Reisners Blick auf die Front "Die Russen glauben, sie hätten den Sieg vor Augen"
29.07.2024, 18:16 Uhr Artikel anhören
In den vergangenen Tagen und Wochen habe es eine "massive Verschlechterung der Situation für die Ukraine" gegeben, sagt Oberst Markus Reisner im Interview mit ntv.de. "Entweder die Ukraine wird jetzt massiv unterstützt oder sie muss ihre Strategie verändern." Aus russischen Äußerungen höre man derzeit heraus, "dass die Russen glauben, sie hätten den Sieg vor Augen".
ntv.de: Präsident Selenskyj sagte gestern, im Bereich von Donezk sei es gerade besonders schwierig, und die meisten russischen Angriffe habe es in den vergangenen Wochen in Pokrowsk gegeben. Wie ist die Lage dort?

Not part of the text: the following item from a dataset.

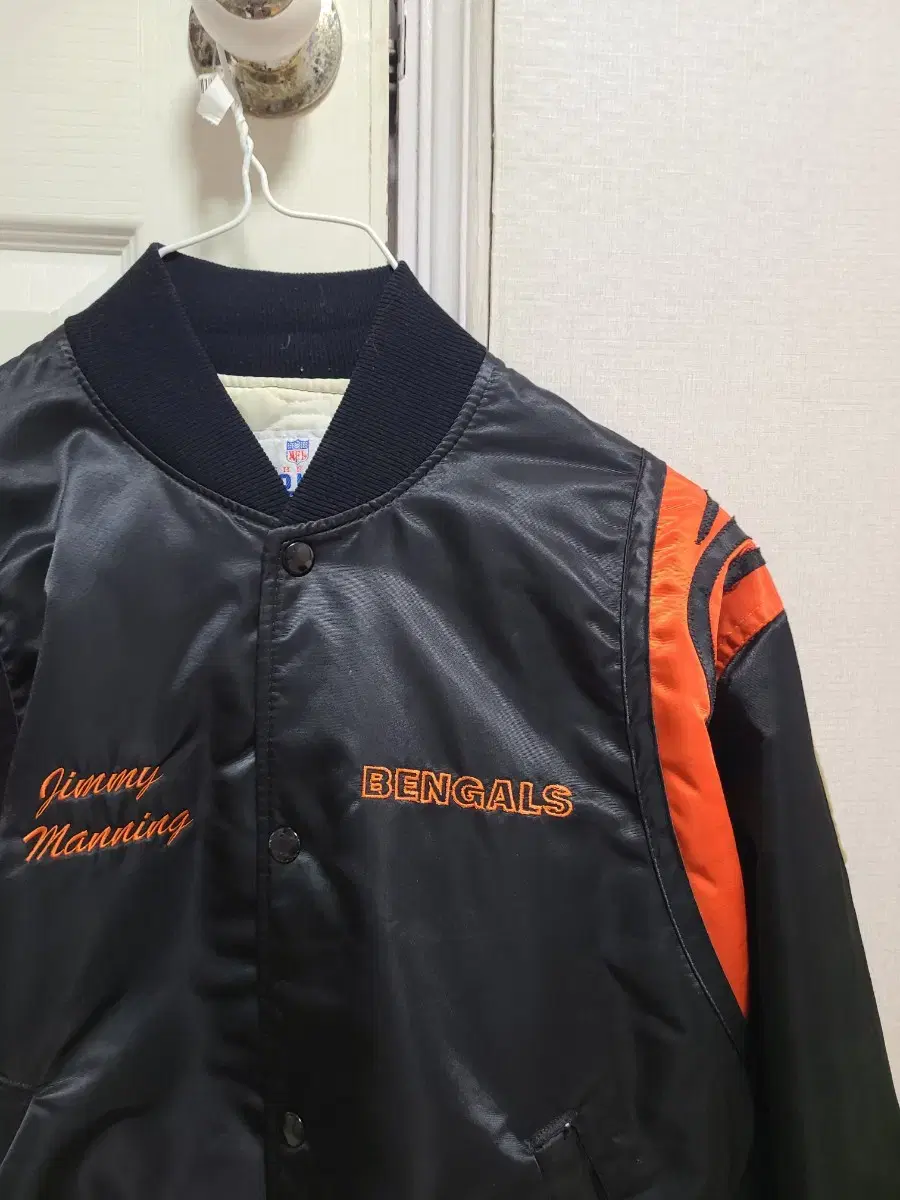 Vintage jimmy manning Bengals starterNFL full button jacket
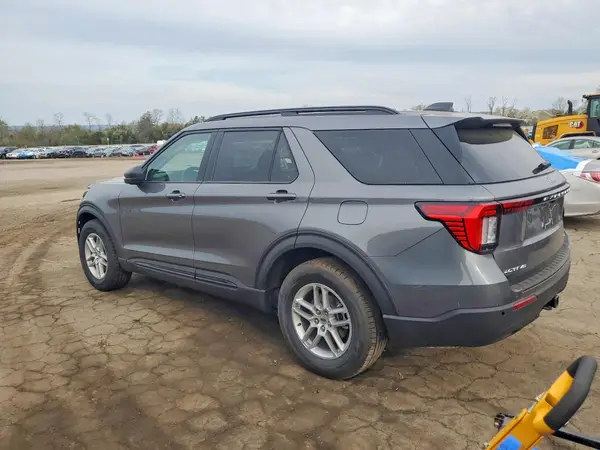1FMUK8DH1TGB15000 2026 FORD EXPLORER - Image 2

Markus Reisner: Auf der taktischen Ebene muss man klar feststellen, dass die Russen sich im Angriffsmodus befinden. Sie haben weiterhin klar das Momentum. Im Donbass greifen sie derzeit entlang von sieben Stoßrichtungen an - Pokrowsk ist nur eine davon.
Was sind die anderen?
Südlich von Kupjansk ist es den Russen gelungen, bei der Ortschaft Pischtschane vorzustoßen. Hier sind sie nur noch wenige Kilometer vom Fluss Oskil entfernt. Wenn sie den erreichen, müssen die ukrainischen Truppen sich in dieser Gegend hinter den Fluss zurückziehen, um nicht eingekesselt zu werden. Etwas südlich davon, bei Terny, finden ebenfalls russische Angriffe statt, dies ist ein weiterer Stoß in Richtung des Oskil. Wenn wir dann über den Fluss Siwerskyj Donez hinweg Richtung Süden schauen: Hier kann man klar erkennen, dass das Ziel der Russen ist, Siwersk zu erreichen. Die vierte Stoßrichtung ist noch weiter südlich bei Tschassiw Jar. Hier gab es in den letzten Tagen immer wieder Berichte, zum Teil auch Videos, an denen man erkennen kann, dass die Russen den Siwerskyj-Donbass-Kanal mittlerweile überschritten haben. Das würde bedeuten: Eine Einkesselung von Tschassiw Jar ist nur noch eine Frage der Zeit.
Wiederum weiter südlich bei Toretsk findet sich die fünfte Stoßrichtung - das ist die Siedlung Niu York, die Russland bereits erobert hat. Die Russen versuchen auch hier, eine Einkesselung vorzunehmen und auf Toretsk vorzustoßen. Und als weitere wichtige Stoßrichtung folgt das bereits erwähnte Pokrowsk. Hier, bei Otscheretyne, ist es den Russen in den letzten Monaten gelungen, eine Fläche von knapp 400 Quadratkilometern einzunehmen. Die Russen haben ausgenutzt, dass die Ukrainer es in dieser Gegend nicht geschafft haben, ihre Truppen zu rotieren. Sie rücken nun pro Tag im Schnitt einen Kilometer vor.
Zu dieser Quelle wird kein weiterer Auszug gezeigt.